◆ **ASSIGNMENT**:
From the line holding "back of house with a patio area" through the line holding "unfurnished bedroom with" below, write out every line exactly; include both of those lines and drop the pictures.

◆ **AVAILABLE RECORDS**:

________________

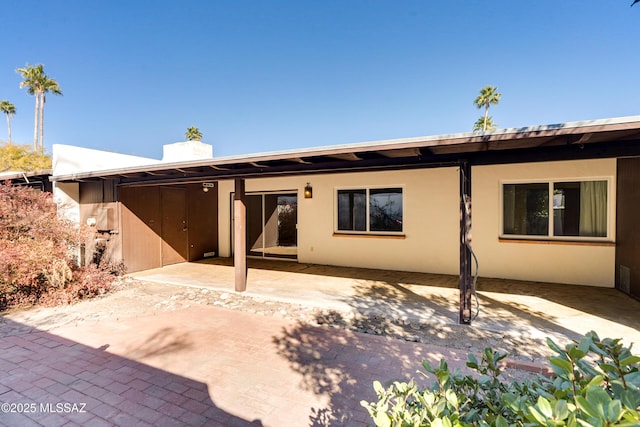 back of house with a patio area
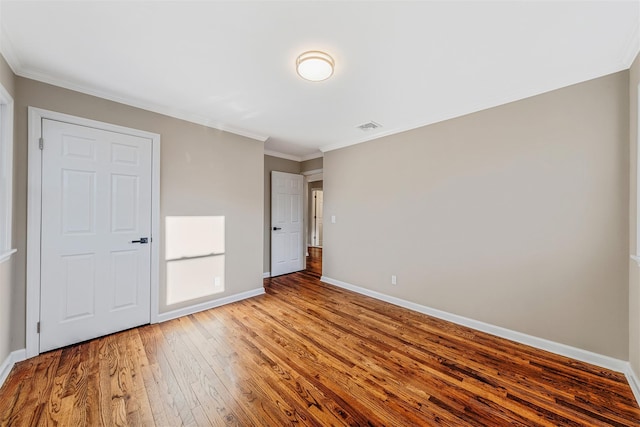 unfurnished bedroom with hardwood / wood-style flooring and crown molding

________________

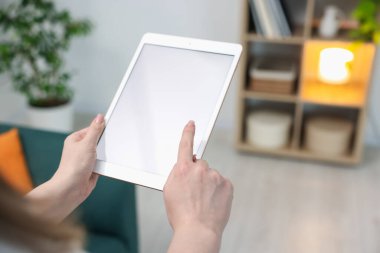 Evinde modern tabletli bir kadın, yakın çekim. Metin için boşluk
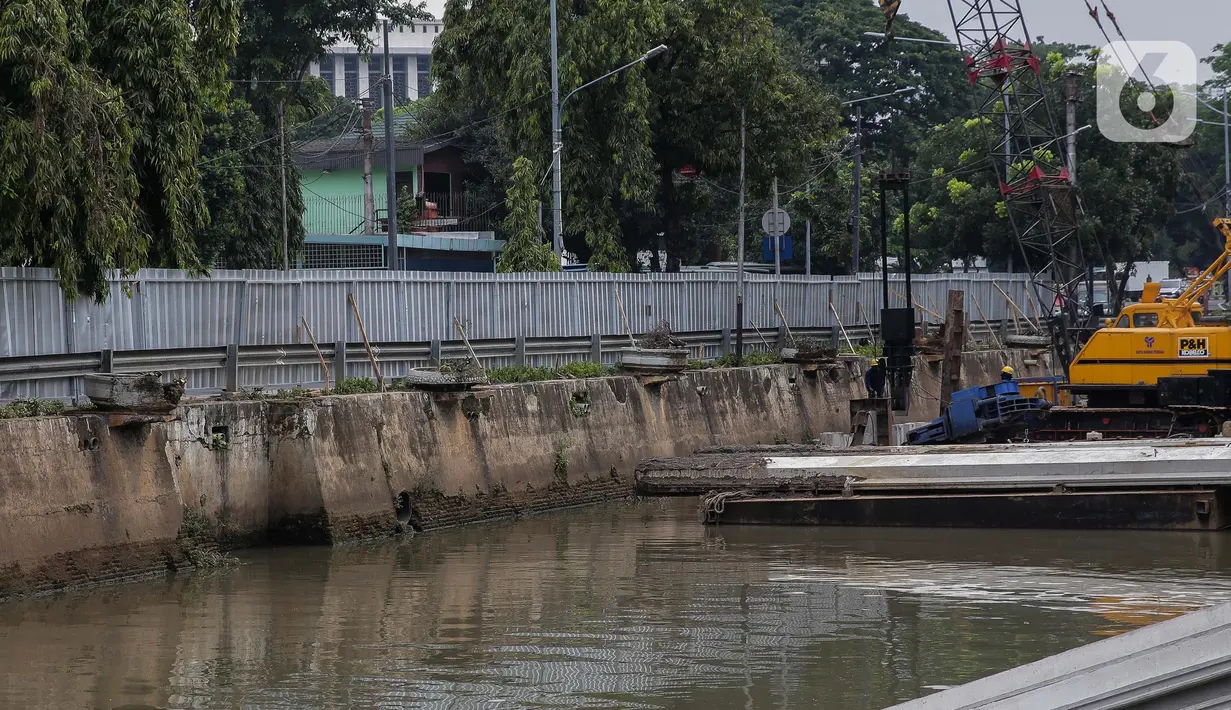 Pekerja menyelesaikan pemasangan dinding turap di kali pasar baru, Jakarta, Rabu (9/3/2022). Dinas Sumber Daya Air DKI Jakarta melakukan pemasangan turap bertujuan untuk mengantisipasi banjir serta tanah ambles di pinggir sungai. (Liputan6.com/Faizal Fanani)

________________

◆ **SOLUTION FOR THIS TASK**:
 back of house with a patio area
 unfurnished bedroom with hardwood / wood-style flooring and crown molding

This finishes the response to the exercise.